Le prix de Fouad Ben Ahmed n’est pas non plus sans rappeler le travail méticuleux qu’effectue l’ambassade américaine en banlieue depuis des années. Réputé pour aller là où l’Etat français ne va pas ou peu, le département d’Etat américain consacre tout un pan de sa stratégie d’influence à des figures locales directement approchées car identifiées comme étant « amenées à prendre des responsabilités ».

Une vision très anglo-saxonne

M. Ben Ahmed a aussi été récompensé par Tufts pour des raisons plus personnelles. Avec ce prix, l’université a voulu mettre en lumière sa capacité à concilier « son identité propre et celle de son pays ». « Pour lui, ça n’est pas un défi d’être à la fois Français, musulman et d’origine étrangère », observe Heather Barry. « Je ne suis ni fier ni honteux d’être musulman », affirme M. Ben Ahmed. La religion est selon lui « une affaire privée », mais à laquelle on ne doit pas être obligé de renoncer pour autant.

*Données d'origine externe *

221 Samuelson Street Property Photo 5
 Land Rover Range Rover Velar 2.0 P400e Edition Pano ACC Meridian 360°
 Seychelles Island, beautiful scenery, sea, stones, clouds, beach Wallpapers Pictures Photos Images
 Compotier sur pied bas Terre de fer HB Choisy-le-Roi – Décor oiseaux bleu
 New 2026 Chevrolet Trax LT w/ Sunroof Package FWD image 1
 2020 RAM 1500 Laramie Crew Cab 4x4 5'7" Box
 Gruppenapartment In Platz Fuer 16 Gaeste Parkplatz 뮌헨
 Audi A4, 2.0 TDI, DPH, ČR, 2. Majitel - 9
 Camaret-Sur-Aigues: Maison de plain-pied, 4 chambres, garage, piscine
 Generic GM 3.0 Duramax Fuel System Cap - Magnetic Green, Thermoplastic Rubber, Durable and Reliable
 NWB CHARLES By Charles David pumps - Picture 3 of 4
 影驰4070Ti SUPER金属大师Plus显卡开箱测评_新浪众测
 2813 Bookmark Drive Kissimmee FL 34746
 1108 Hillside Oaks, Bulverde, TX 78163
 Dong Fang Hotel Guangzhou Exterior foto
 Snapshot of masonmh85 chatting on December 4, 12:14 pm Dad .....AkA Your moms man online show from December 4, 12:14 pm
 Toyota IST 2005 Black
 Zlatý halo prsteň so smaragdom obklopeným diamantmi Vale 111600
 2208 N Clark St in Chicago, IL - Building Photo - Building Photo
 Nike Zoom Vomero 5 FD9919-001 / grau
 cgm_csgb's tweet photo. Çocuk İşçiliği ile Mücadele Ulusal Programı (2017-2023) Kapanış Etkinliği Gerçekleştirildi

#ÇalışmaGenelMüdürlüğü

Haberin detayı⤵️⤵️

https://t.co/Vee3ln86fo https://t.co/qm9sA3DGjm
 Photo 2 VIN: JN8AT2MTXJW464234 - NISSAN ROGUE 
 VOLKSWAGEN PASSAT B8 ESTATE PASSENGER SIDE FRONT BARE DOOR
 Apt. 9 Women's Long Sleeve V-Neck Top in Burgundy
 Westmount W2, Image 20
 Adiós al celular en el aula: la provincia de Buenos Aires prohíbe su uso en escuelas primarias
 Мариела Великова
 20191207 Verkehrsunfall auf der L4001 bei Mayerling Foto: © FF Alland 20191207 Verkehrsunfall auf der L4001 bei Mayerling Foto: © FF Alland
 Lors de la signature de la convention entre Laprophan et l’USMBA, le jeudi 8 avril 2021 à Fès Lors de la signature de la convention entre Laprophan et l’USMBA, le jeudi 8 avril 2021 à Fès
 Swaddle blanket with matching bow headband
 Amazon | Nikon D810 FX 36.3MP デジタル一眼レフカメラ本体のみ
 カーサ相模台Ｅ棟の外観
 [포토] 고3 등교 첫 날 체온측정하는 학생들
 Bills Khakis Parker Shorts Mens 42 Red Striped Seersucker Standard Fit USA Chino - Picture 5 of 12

Revendiquer une « identité mixte » est très anglo-saxon, relève John Bowen, anthropologue américain spécialiste de l’islam en France. « Ici, il ne doit pas exister d’intermédiaire entre l’Etat et les citoyens. Le fait d’avoir une identité ethnique ou religieuse en plus de sa nationalité trouble la notion de République une et indivisible dont les valeurs doivent être transmises exclusivement par l’école républicaine. Aux Etats-Unis, il n’y a pas d’équivalent », analyse-t-il.

Lire l’entretien avec l’anthropologue John Bowen : Entretien John Bowen

Avant même de mettre les pieds aux Etats-Unis pour recevoir son prix, M. Ben Ahmed se demandait comment son séjour pouvait profiter à son travail en France. « Je ne voulais pas revenir les mains vides », insiste-t-il. Marqué par son expérience avec le New Yorker, il réfléchit notamment à un projet autour de la façon dont les étrangers perçoivent l’actualité française. Une initiative qu’il va devoir mener en parallèle de ses interventions auprès d’étudiants et enseignants américains. Outre-Atlantique, ils sont de plus en plus nombreux à le solliciter pour son « expertise » sur les banlieues françaises.